• **Instructions to follow**: Take the line that contains "Women’s heat gear under" and each one after it through the last line below, and retype them exactly. Leave out the pictures.

Image-caption web data
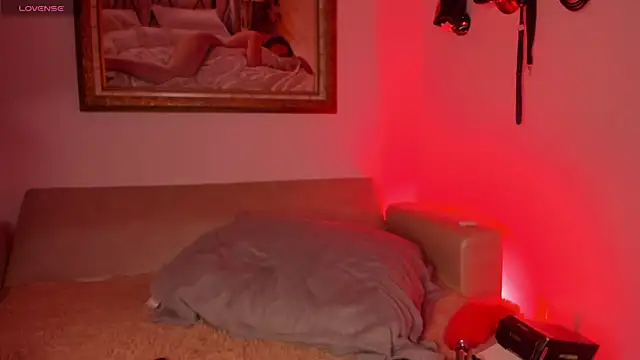 VeronicaSmith OS online show from April 17, 8:01 pm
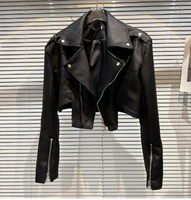 Nouveau manteau de fourrure d'hiver court pour femmes recadrée fermeture éclair en cuir suédé Sherpa doublé fausse veste épaissie revers pour la moto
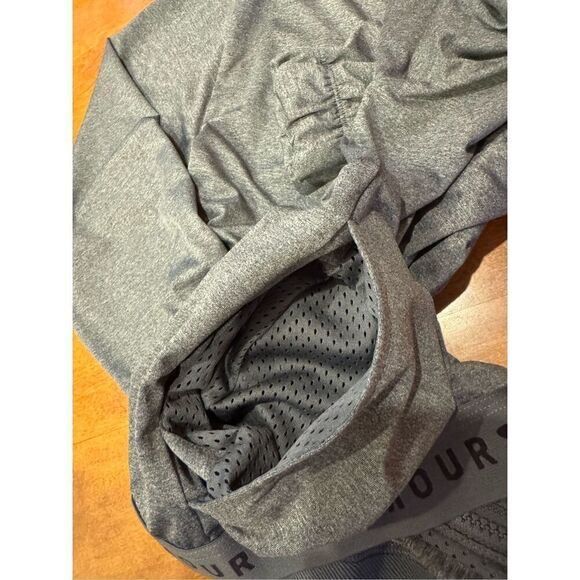 Women’s heat gear under Armour, zipper jacket, size medium - Picture 4 of 4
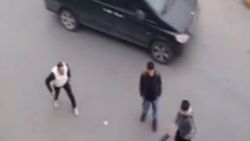 Lüks otomobili çalmak isteyen hırsızlara dayak
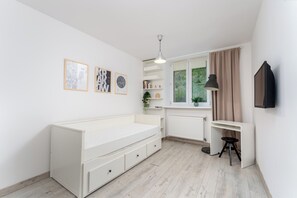 1 chambre, fer et planche à repasser, Wi-Fi, draps fournis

• **Answer for the task**:
 Women’s heat gear under Armour, zipper jacket, size medium - Picture 4 of 4
 Lüks otomobili çalmak isteyen hırsızlara dayak
 1 chambre, fer et planche à repasser, Wi-Fi, draps fournis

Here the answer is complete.